The distance from the vector X to neurons in clusters of various shapes

For a cluster in the form of a hypertube, a radial measure of distance is calculated:

where Aj is a positive, definite matrix, calculated to take into account the eccentricity and orientation of the hypertube ^[6] . The value of Aj for this equation is found using the Looner hyperlipsoid using the Khachiyan algorithm ^[7] .

To determine distances in a hyperplane, use the following formula:

where Aj is an arbitrarily positively defined symmetric weight matrix. And bj, k is estimated by finding the eigenvectors of the neural nodes of the model.
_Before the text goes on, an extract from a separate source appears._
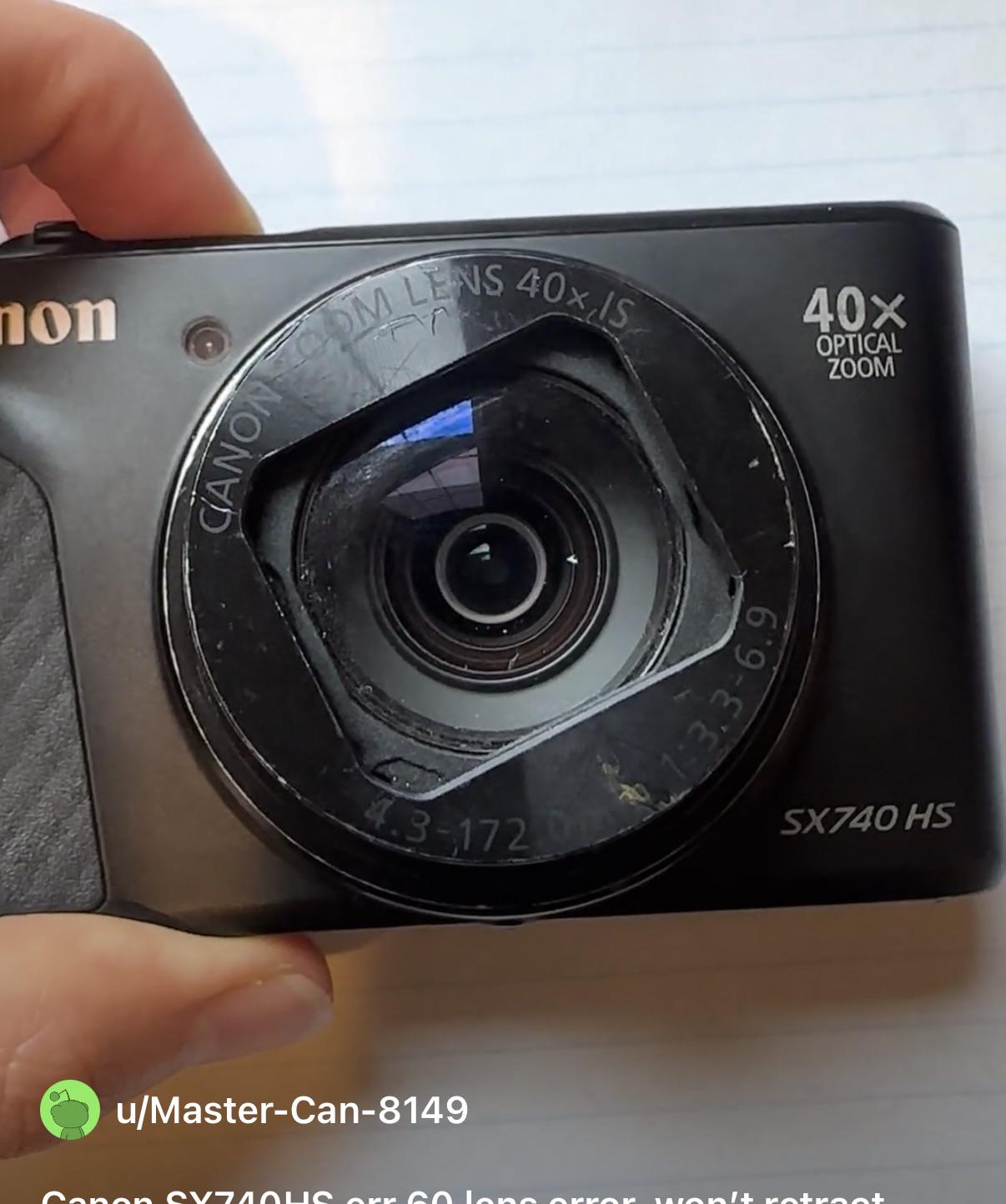 Canon SX740HS err 60 レンズエラー、引っ込まない : r/Cameras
To determine the distance in the hypersphere, you must use the formula:

where wi is either the average value of the vectors enclosed in the plane.

Data Visualization

In three-dimensional space, data is very easy to visualize. ^[4] You can see it in the picture.

3D rendering

However, if our space is larger than three-dimensional, then data visualization is difficult. To solve this problem, a technique based on VAT is used ^[8] . The essence of the construction is that there is a minimal spanning tree of the model. After the sorting process is completed, the cluster structure can be analyzed by squares near the diagonal. First, normalized, pairwise-different neurons are calculated in each isolated graph. Then, the distinguished neurons are rearranged in order to create the most dense intracluster distribution. Then each cluster is colored in its own color and placed along the main diagonal. Intracluster relationships are also included in the diagram, the maximum distance between two clusters is indicated by white, and the black is the smallest distance. The cluster volume can be added as another dimension, this is the height of the squares.

An example of using expanding neural gas

This example is presented to demonstrate how the system adapts when entering new data. The database is 1050 point objects. At the beginning, 5,000 iterations were performed and 75% of the information fell into the algorithm. After a small part - 756 data points were introduced into the system, neural vectors began to adapt to the formation of the distribution shown in the figure below.

Then another 150 new vectors were launched. This led to the formation of a new spherical class, indicated in the figure below:

Despite the spatial proximity of the green and purple clusters, the algorithm noted an increase in clusters and adapted to these changes. In this case, the remaining 120 objects were repeatedly mixed between the green and purple clusters. The algorithm subsequently distributed the data between the two clusters and retained the original number of clusters.

Notes

↑ Growing Neural Gas - Implementation in the MQL5 Programming Language
↑ Artificial neural networks , Artificial neural networks
↑ Neural.ru dictionary
↑ ¹ ² ³ Isaac J. Sledge, Growing Neural Gas for Temporal Clustering / IEEE, 2008
↑ M. Berg, M. Kreveld, M. Overmars, O. Schwarzkopf, Computational Geometry, Springer-Verlag, New York, 2000.
↑ G. Carpenter, “Competitive Learning: From Interactive Activation to Adaptive Resonance”, Cognitive Science, vol. 11, 1987.
↑ L. Khachiyan, M. Todd, “On the Complexity of Approximating the Maximal Inscribed Ellipsoid for a Polytope,” Math. Prog., 1993.
↑ J. Keller, I. Sledge, “A Cluster By Any Other Name,” IEEE Proc., NAFIPS, 2007.